Dari Anas bin Malik, Nabi Shallallahu ‘alaihi wasallam bersabda: “Maka mereka datang kepadaku. Akupun meminta IZIN kepada Rabb-ku. Ketika aku melihat Rabb-ku, maka aku menjatuhkan diri bersujud kepadaNya. Allah membiarkan aku sesuai dengan apa yang dikehendaki-Nya. Kemudian dikatakan kepadaku (oleh Allah): “Angkat kepalamu! Mintalah, niscaya engkau akan diberi! Katakanlah, niscaya perkataanmu akan didengar! Berilah syafa’at, sesungguhnya engkau diberi wewenang memberi syafa’at. Maka aku mengangkat kepalaku. Lalu aku memuji-muji Rabb-ku dengan pujian yang Dia ajarkan kepadaku. Kemudian aku memberi syafa’at. Namun Allah memberi batasan kepadaku dengan suatu batasan. Lalu aku mengeluarkan mereka dari neraka dan memasukkannya ke dalam surga. Kemudian aku kembali lagi kepada Allah, lalu aku menjatuhkan diri bersujud kepada-Nya seperti saat pertama.(Demikian pula) pada yang ketiga atau keempat kalinya. Sehingga tidak ada lagi yang tersisa di dalam neraka, kecuali orang yang ditahan oleh Al-Qur`an. “ Qotadah menjelaskan maksud orang yang ditahan oleh Al-Qur`an di dalam Neraka: “Ialah orang yang pasti kekal di dalamnya”. (Diriwayatkan oleh Imam Bukhari dalam Kitab ar Riqaq, no. 6565, Fathul Bari (XI/417). Juga diriwayatkan oleh Imam Muslim, Kitab al Iman, Bab Hadits asy Syafa’ah (III/54-55), Syarah Nawawi, tahqiq Khalil Ma’mun Syiha)

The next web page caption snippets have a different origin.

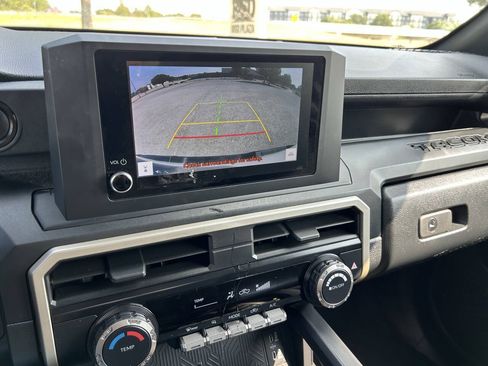 Used 2024 Toyota Tacoma SR RWD image 17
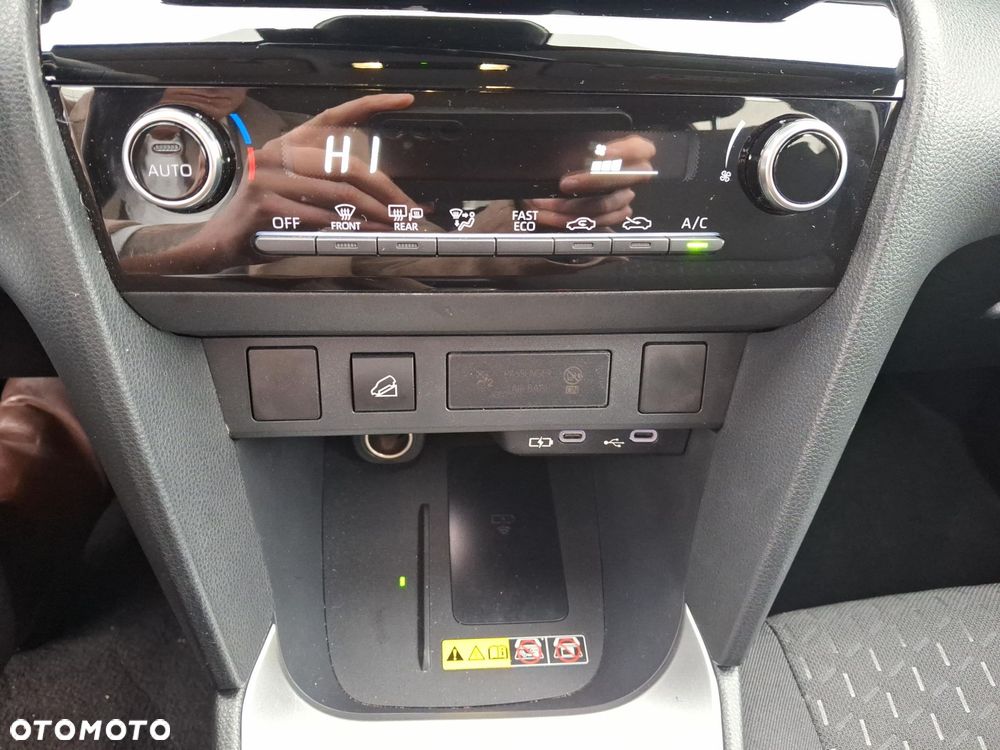 Toyota Yaris Cross - 16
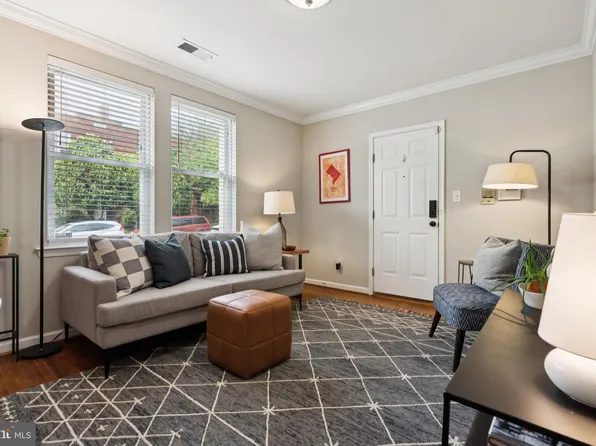 401 Douglas St NE APT B, Washington, DC 20017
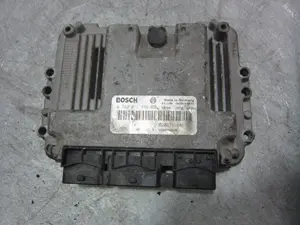 Foto de CENTRALITA MOTOR UCE RENAULT MEGANE II COUPE/CABRIO 1.9 dCi Diesel (120 CV / 88 KW) referencia 82003914966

Melalui jalan Abu Maslamah, dari Abu Nadhrah, dari Abu Sa’id al Khudri radhiyallahu ‘anhu yang mengatakan: Rasulullah Shallallahu ‘alaihi wasallam bersabda: “Adapun ahli neraka yang menjadi penghuni kekalnya, maka mereka tidak mati di dalamnya dan tidak hidup. Akan tetapi orang-orang yang ditimpa oleh siksa neraka karena dosa-dosanya –atau Rasul bersabda, karena kesalahan-kesalahannya- maka Allah akan mematikan mereka dengan suatu kematian. Sehingga apabila mereka telah menjadi arang, Nabi DIIZINKAN untuk memberikan syafa’at (kepada mereka). Lalu mereka didatangkan berkelompok-kelompok secara terpisah-pisah, lalu dimasukkan ke sungai-sungai di surga. Selanjutnya dikatakan (oleh Allah): “Wahai penghuni surga, kucurkanlah air kehidupan kepada mereka”. Maka tumbuhlah mereka laksana tumbuhnya benih-benih tetumbuhan di larutan lumpur yang dihempaskan arus air.” Seseorang di antara sahabat berkata: “Seakan-akan Rasulullah Shallallahu ‘alaihi wasallam berada di padang gembalaan di suatu perkampungan.” (Dikeluarkan oleh Imam Muslim dalam Shahih-nya. Lihat Shahih Muslim Syarh Nawawi, tahqiq Khalil Ma’mun Syiha (III/37), hadits no. 458, dan oleh Ibnu Majah. Lihat Shahih Sunan Ibnu Majah, Syaikh Muhammad Nashiruddin al Albani (III/402), hadits no. 3497 Kitab az Zuhd, Bab Dzikru asy Syafa’ah, Maktabah al Ma’arif, Riyadh. Cet. I, dari penerbitan baru, 1417H/1997M)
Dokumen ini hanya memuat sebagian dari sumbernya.